● **Material for this exercise**:
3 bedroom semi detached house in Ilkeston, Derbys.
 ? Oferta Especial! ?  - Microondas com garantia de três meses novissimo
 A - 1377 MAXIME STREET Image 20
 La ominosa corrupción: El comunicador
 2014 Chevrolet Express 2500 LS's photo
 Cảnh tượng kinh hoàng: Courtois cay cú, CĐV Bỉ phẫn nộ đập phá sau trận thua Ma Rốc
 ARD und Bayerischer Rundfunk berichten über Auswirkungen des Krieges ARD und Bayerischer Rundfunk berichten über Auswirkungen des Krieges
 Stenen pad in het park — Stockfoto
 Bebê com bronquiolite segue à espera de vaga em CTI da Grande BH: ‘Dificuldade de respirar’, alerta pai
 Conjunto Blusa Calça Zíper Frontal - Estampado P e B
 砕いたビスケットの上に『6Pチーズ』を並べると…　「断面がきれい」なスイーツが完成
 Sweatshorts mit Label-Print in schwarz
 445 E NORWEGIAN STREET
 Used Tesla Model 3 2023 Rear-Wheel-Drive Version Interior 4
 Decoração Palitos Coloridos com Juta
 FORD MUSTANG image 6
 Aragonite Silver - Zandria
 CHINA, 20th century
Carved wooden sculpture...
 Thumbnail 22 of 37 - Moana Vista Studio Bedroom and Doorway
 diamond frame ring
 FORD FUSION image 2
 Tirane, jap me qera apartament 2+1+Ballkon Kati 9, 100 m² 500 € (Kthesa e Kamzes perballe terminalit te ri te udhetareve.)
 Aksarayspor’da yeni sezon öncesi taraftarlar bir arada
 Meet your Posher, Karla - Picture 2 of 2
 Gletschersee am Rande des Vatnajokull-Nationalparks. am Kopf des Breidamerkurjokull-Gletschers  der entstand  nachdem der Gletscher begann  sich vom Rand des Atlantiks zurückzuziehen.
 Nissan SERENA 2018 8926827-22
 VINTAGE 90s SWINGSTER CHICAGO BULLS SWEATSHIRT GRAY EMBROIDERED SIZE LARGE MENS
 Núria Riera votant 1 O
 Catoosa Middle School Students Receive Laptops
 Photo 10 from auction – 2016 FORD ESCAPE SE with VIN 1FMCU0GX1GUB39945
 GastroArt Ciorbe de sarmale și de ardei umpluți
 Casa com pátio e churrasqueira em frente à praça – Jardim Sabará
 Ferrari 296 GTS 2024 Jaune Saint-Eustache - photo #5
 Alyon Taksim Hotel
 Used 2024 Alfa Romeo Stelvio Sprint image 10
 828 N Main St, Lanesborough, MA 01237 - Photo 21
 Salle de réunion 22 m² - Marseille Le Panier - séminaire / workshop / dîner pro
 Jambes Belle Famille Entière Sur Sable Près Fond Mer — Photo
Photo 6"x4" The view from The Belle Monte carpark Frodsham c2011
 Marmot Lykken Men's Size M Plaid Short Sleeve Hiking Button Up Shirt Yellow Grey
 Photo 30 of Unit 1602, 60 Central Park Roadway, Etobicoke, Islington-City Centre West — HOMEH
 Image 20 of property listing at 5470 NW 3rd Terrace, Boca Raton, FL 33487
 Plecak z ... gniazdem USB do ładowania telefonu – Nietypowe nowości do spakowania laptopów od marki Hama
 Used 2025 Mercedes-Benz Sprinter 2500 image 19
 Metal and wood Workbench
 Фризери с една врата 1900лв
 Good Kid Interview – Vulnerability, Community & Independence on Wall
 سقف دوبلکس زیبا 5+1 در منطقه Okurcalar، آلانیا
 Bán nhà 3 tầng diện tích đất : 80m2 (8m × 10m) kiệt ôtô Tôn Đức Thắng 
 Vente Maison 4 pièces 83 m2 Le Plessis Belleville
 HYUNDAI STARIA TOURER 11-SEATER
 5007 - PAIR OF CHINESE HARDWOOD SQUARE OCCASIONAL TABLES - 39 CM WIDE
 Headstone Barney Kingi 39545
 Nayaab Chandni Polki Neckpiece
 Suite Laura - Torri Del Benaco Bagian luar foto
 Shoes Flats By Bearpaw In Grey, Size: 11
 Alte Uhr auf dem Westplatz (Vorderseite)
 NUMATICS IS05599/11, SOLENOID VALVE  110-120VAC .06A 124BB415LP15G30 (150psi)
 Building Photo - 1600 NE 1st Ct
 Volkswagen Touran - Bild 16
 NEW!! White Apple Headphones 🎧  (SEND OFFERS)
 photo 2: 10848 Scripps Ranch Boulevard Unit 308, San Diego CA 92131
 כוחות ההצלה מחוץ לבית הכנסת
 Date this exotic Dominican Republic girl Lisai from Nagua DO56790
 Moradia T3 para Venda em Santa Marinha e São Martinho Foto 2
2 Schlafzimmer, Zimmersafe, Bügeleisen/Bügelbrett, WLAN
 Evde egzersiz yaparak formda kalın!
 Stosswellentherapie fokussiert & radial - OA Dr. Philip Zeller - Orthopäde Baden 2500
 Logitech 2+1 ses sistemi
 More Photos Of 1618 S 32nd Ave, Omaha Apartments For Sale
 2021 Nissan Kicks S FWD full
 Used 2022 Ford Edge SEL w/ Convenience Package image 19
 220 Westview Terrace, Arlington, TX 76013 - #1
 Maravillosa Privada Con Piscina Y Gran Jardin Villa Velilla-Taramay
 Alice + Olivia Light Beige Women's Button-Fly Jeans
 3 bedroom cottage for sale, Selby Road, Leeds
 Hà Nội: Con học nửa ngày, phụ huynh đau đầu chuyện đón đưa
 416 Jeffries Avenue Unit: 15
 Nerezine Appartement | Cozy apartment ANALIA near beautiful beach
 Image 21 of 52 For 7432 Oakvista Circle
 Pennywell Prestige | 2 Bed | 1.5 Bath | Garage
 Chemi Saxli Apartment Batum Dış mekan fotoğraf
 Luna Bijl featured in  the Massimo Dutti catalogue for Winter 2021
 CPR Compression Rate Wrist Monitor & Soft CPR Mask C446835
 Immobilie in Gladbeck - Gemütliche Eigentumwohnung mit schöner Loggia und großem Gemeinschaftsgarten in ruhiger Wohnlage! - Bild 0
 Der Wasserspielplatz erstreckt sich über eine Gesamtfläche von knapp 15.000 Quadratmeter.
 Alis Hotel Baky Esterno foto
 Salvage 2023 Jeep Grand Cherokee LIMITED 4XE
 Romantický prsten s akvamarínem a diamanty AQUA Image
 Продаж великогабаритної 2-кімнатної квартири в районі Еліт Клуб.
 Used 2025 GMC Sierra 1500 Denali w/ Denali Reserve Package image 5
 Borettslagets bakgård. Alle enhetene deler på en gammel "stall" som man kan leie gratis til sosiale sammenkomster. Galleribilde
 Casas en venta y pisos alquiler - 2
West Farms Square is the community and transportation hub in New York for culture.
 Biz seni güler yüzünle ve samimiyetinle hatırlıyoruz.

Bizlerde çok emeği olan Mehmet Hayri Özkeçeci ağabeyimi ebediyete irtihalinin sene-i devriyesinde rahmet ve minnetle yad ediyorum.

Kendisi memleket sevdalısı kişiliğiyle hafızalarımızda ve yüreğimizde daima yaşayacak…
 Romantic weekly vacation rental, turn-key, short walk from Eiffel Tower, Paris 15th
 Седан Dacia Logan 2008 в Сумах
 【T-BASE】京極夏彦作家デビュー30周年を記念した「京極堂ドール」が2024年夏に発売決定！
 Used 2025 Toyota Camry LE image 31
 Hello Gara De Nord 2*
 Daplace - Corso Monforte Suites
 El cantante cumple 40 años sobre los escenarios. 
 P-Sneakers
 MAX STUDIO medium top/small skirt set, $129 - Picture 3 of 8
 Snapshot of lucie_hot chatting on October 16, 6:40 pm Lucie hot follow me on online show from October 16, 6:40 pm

● **The problem**:
Which lines run from the one holding "Der Wasserspielplatz erstreckt" through the one holding "Kendisi memleket sevdalısı" in the records above? Repeat them exactly, both included, and nothing more.

● **Response box**:
 Der Wasserspielplatz erstreckt sich über eine Gesamtfläche von knapp 15.000 Quadratmeter.
 Alis Hotel Baky Esterno foto
 Salvage 2023 Jeep Grand Cherokee LIMITED 4XE
 Romantický prsten s akvamarínem a diamanty AQUA Image
 Продаж великогабаритної 2-кімнатної квартири в районі Еліт Клуб.
 Used 2025 GMC Sierra 1500 Denali w/ Denali Reserve Package image 5
 Borettslagets bakgård. Alle enhetene deler på en gammel "stall" som man kan leie gratis til sosiale sammenkomster. Galleribilde
 Casas en venta y pisos alquiler - 2
West Farms Square is the community and transportation hub in New York for culture.
 Biz seni güler yüzünle ve samimiyetinle hatırlıyoruz.

Bizlerde çok emeği olan Mehmet Hayri Özkeçeci ağabeyimi ebediyete irtihalinin sene-i devriyesinde rahmet ve minnetle yad ediyorum.

Kendisi memleket sevdalısı kişiliğiyle hafızalarımızda ve yüreğimizde daima yaşayacak…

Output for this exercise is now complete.